What is needed is an exact transcription of the line containing "CE32 Daphne Six" and every line after it through the end of the entries below, with no pictures.
(Listed entries Opens)
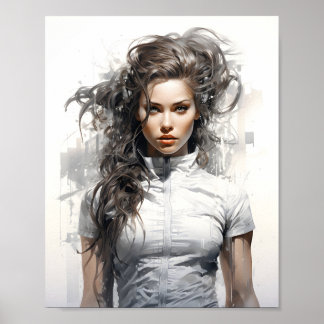 Póster Retrato De Una Hermosa Joven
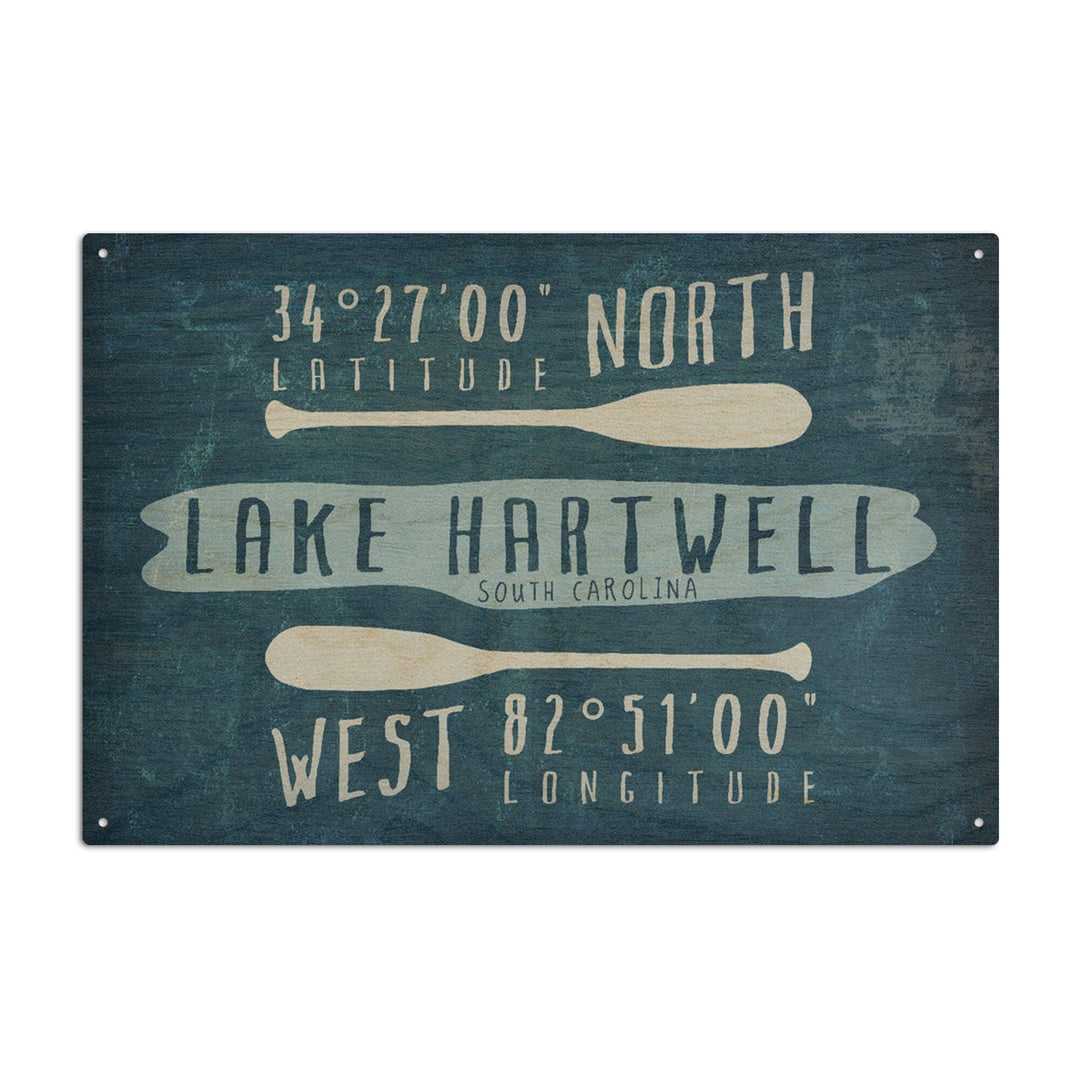 Lake Hartwell, South Carolina, Lake Essentials, Latitude & Longitude, Lantern Press Artwork, Wood Signs and Postcards Wood Lantern Press 10 x 15 Wood Sign 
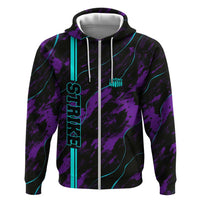 Strike Bowling Graphic Hoodie with Purple Black Marble Texture and Custom Team Name - Wonder Print Shop
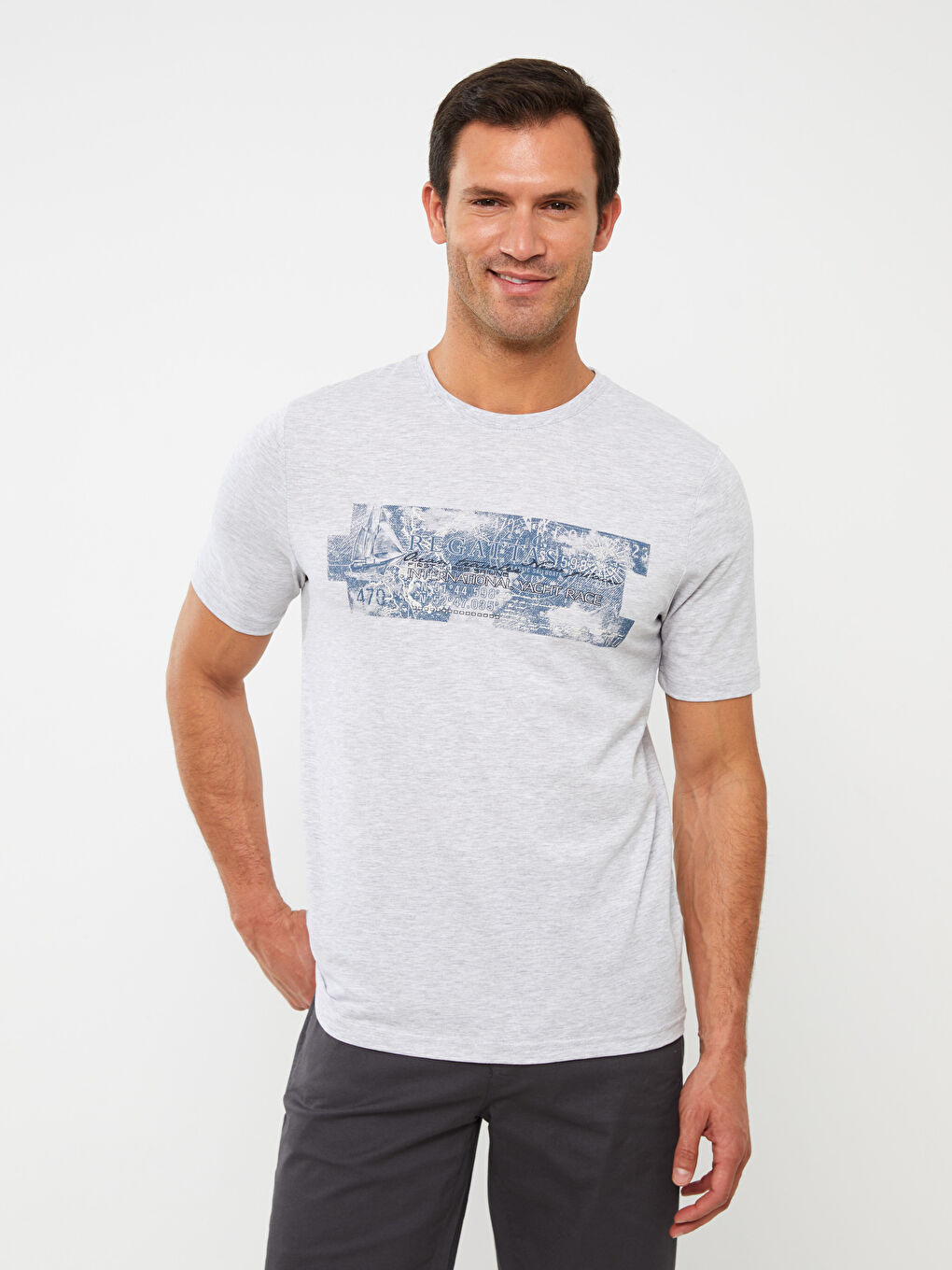 Crew Neck Short Sleeve Printed Combed Cotton Men's T-shirt-1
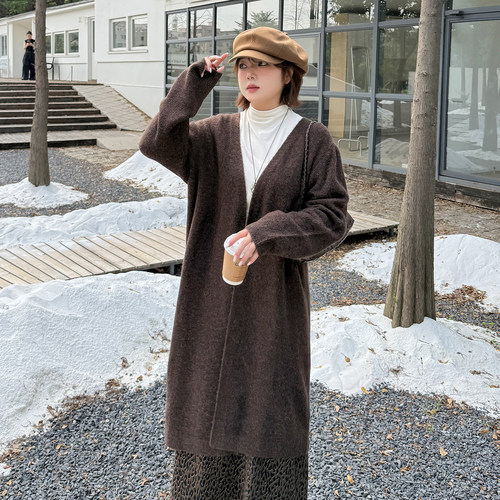 胖mm大码女装慵懒风长款针织开衫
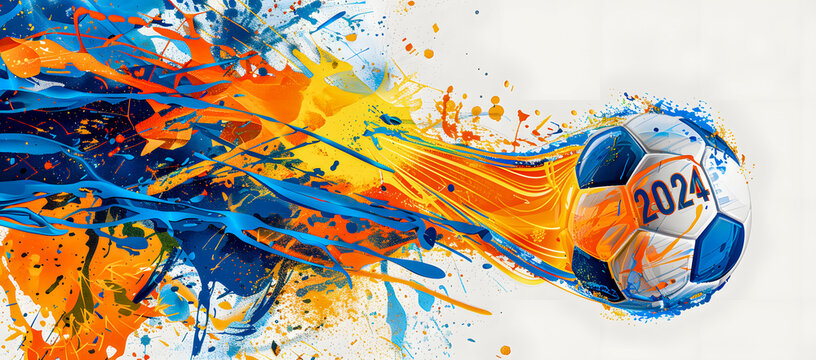 Vibrant Celebration of Euro 2024 Dynamic Artistic Representation of Football Energy and Spirit for the European Championship EM 2024 Wallpaper Digital Art Poster Brainstorming Map Magazine Background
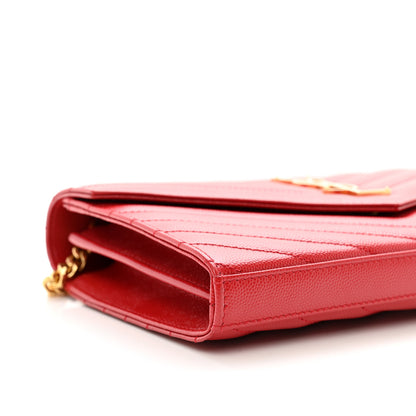 Saint Laurent Grain De Poudre Matelasse Chevron Monogram Chain Wallet 7 of 8
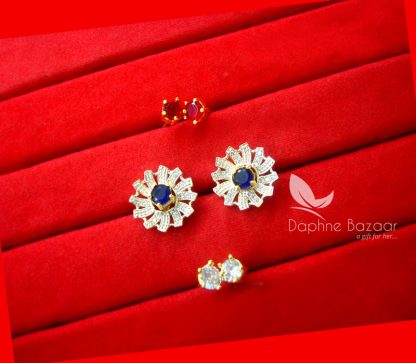 CE32 Daphne Six in One Changeable AD Earrings for Women - BLUE, PINK AND ZIRCON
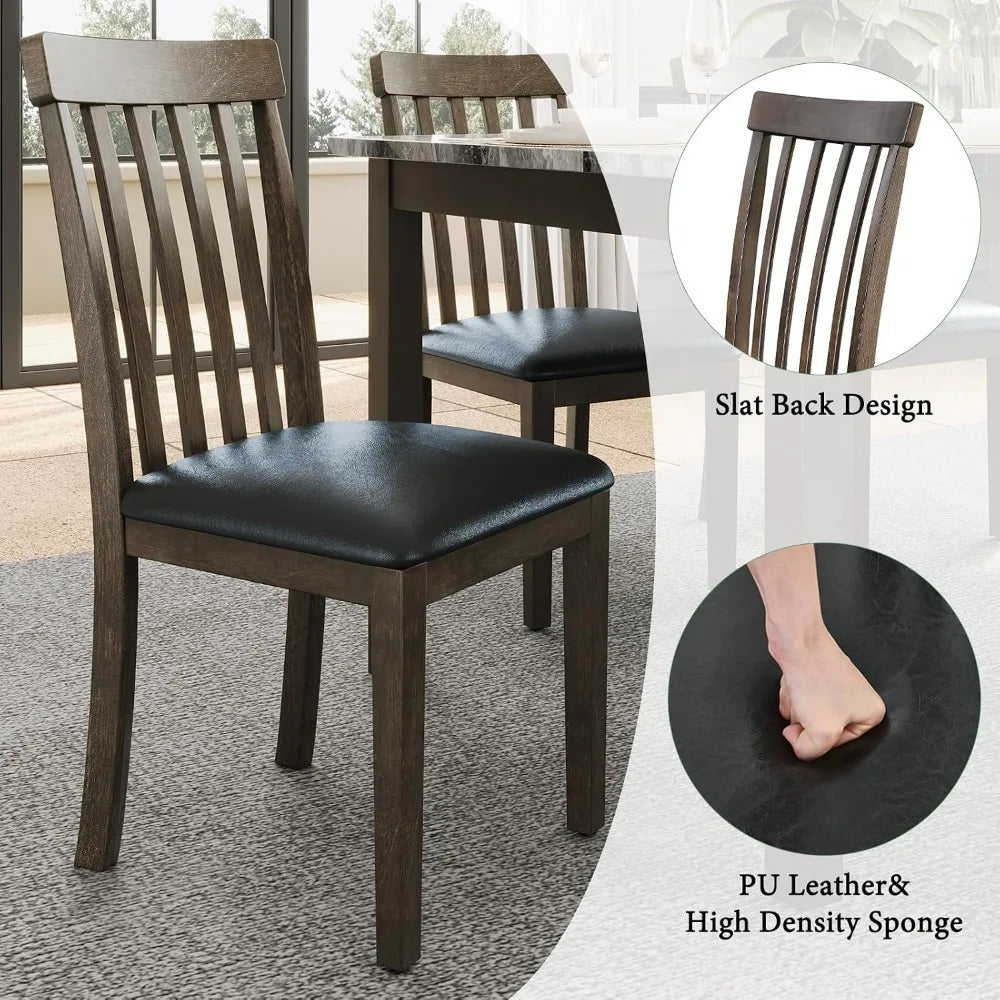 7-Piece Dining Set, 71" Faux Marble Table, 6 PU Chairs, Solid Wood, Dark Brown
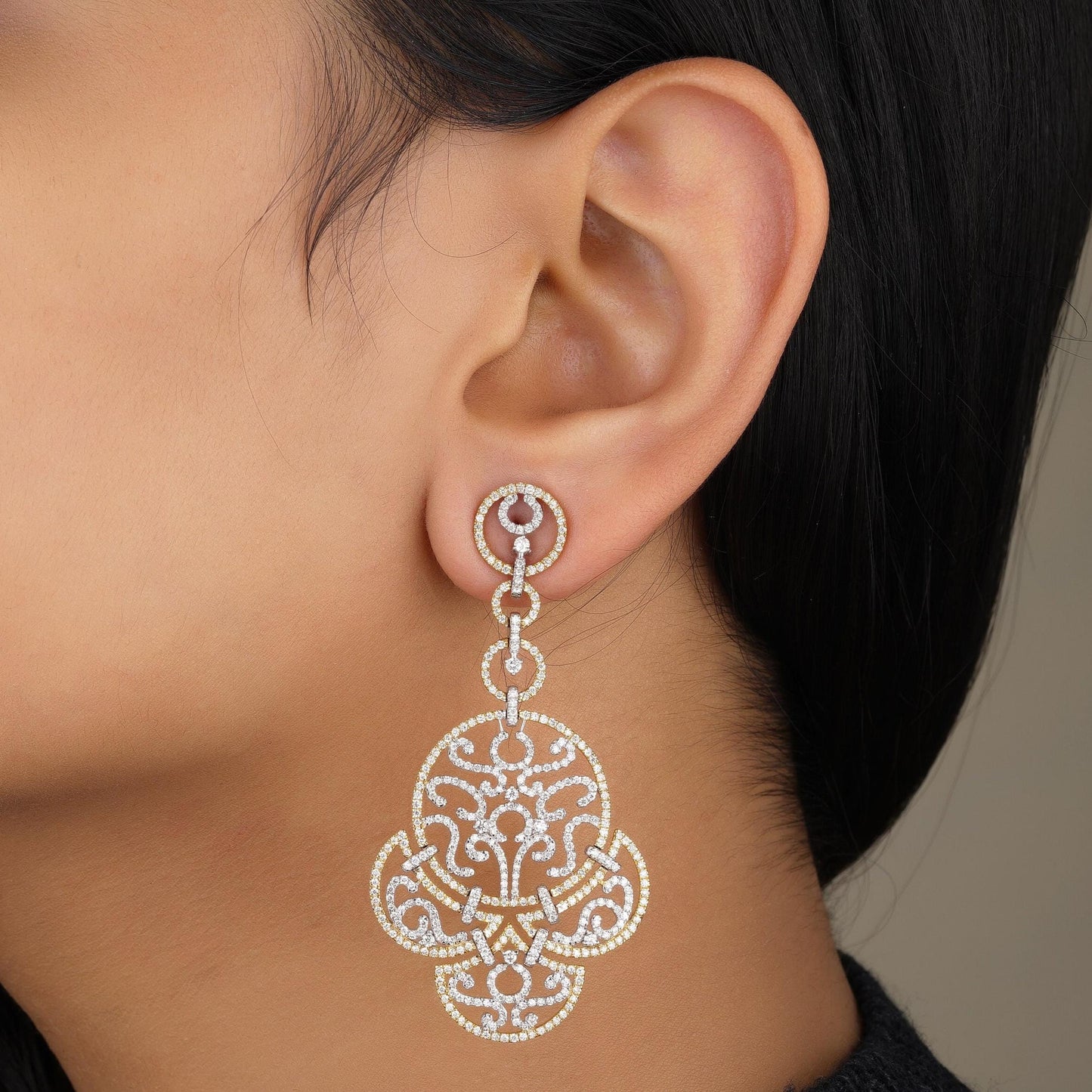 Filigree Chandelier Diamond Earrings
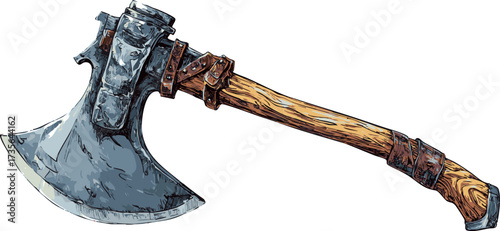 comic style illustration of battle axe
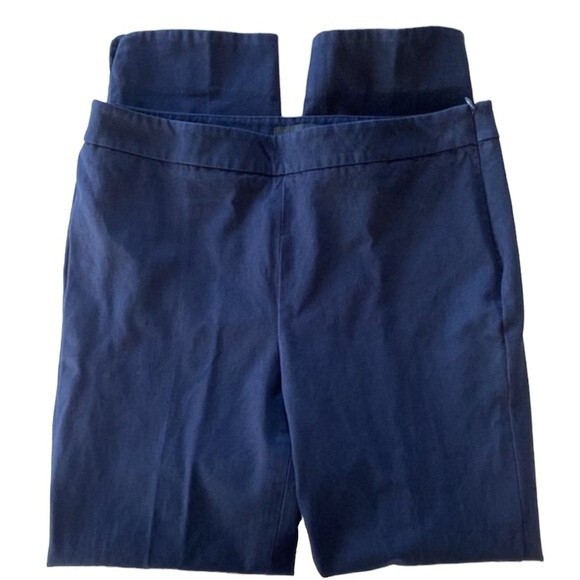 Talbots Navy Chatham Ankle Pants Stretchy Tulip Slit Hem Flat Front Side Zip - Picture 13 of 13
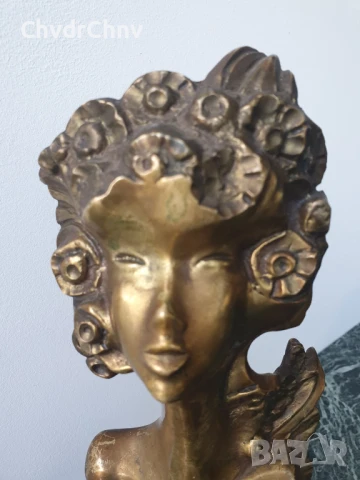 30см-4кг Арт Деко статуетка-бюст/испанска дизайнерска бронзова скулптура/абстрактна фигура на жена, снимка 2 - Статуетки - 50485598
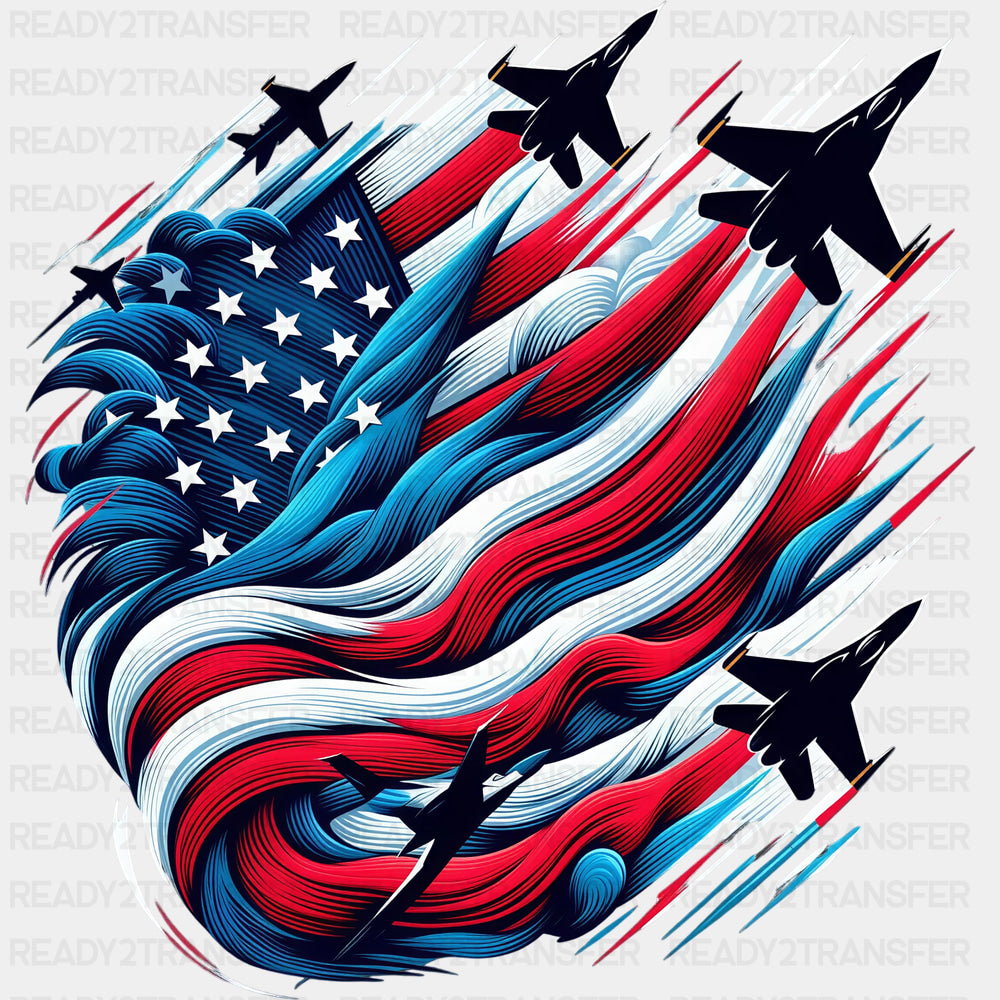 Jet Contrails USA Flag - Air Force DTF Transfers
(Listed entries Closes)
• [Your response]:
 CE32 Daphne Six in One Changeable AD Earrings for Women - BLUE, PINK AND ZIRCON
 7-Piece Dining Set, 71" Faux Marble Table, 6 PU Chairs, Solid Wood, Dark Brown
 Filigree Chandelier Diamond Earrings
 comic style illustration of battle axe
 Talbots Navy Chatham Ankle Pants Stretchy Tulip Slit Hem Flat Front Side Zip - Picture 13 of 13
 30см-4кг Арт Деко статуетка-бюст/испанска дизайнерска бронзова скулптура/абстрактна фигура на жена, снимка 2 - Статуетки - 50485598
 Jet Contrails USA Flag - Air Force DTF Transfers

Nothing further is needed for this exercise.